At a hearing at Danielson Superior Court on Wednesday, Deojay's bond was increased to $2 million and he was ordered to return to court on Feb. 15 for a probable cause hearing. He was previously held on $510,000 bond on the kidnapping charge.
It wasn't clear whether State's Attorney Patricia M. Froehlich will seek the death penalty. She issued a statement saying she intends to say nothing about the case outside the courtroom.
Deojay's lawyer, Public Defender Ramon Canning, said Nilan's injuries might have been inconsistent with being hit by a car but were not inconsistent with being run over by one.
"The state's allegations are simply wrong in this case," Canning said.

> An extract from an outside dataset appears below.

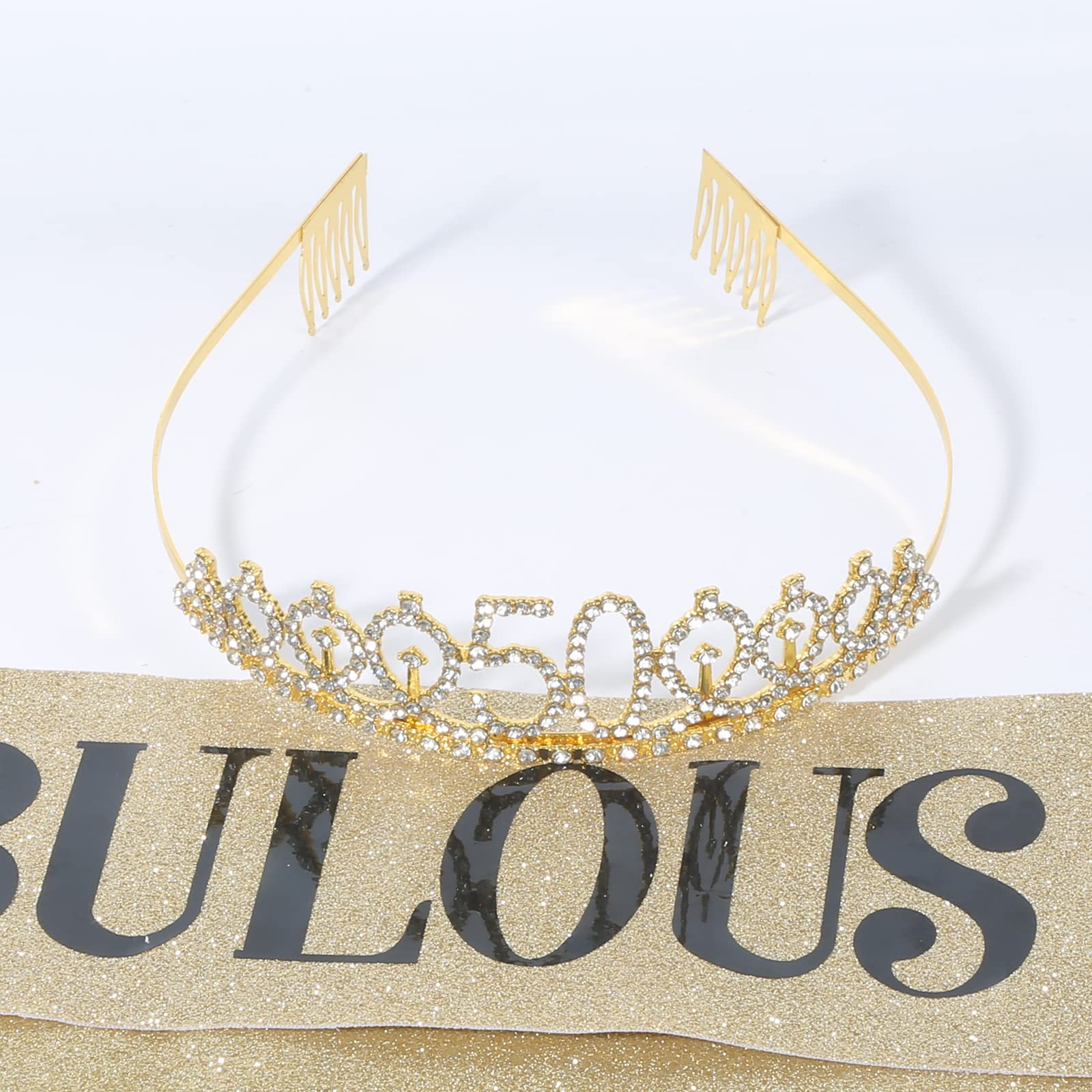 50th Birthday Sash & Tiara Set for Women - Gold 50 & Fabulous Birthday Crown & Sash - Queen's 50th Birthday Party Decorations & Gifts - Perfect for Milestone Celebrations, Bachelorette Parties & VIP Events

About a dozen of Nilan's relatives and friends, many tearful, attended the brief proceeding on Wednesday. Most declined to comment.
Cindy Stafford of Woodstock, a childhood friend of Nilan, said, "I'm looking for justice. I know that nothing can ever bring her back."
Nilan disappeared during an afternoon jog near her home. Her husband reported her missing.
An earlier police affidavit said Nilan's body was found bound, with her running pants partially pulled down, and that she appeared to have been beaten about the head.
Deojay told police he dragged Nilan into his car and drove to Spinney's property. When he couldn't carry the body up a folding staircase in the outbuilding, he tied a rope around her and used it to hoist her into the storage area, the affidavit says.
Canning said that explains the bound wrists and ankles and how her pants came down to her knees.
Canning said police added those details "because they want to be sensational" and said they should have described the investigation as a vehicular homicide with an attempt to hide the body.
In addition the new charges and kidnapping, Deojay is also charged with interfering with an emergency call and second-degree breach of peace. Police said he attempted suicide after he was interviewed by state troopers investigating Nilan's death, before he was arrested.
Deojay wasn't immediately charged with the murder counts because Connecticut and Massachusetts authorities had to work out a jurisdictional issue. Nilan's body was found on a part of Spinney's property that lies just over the state line in Southbridge, Mass. Massachusetts officials agreed to let Connecticut handle the murder charges.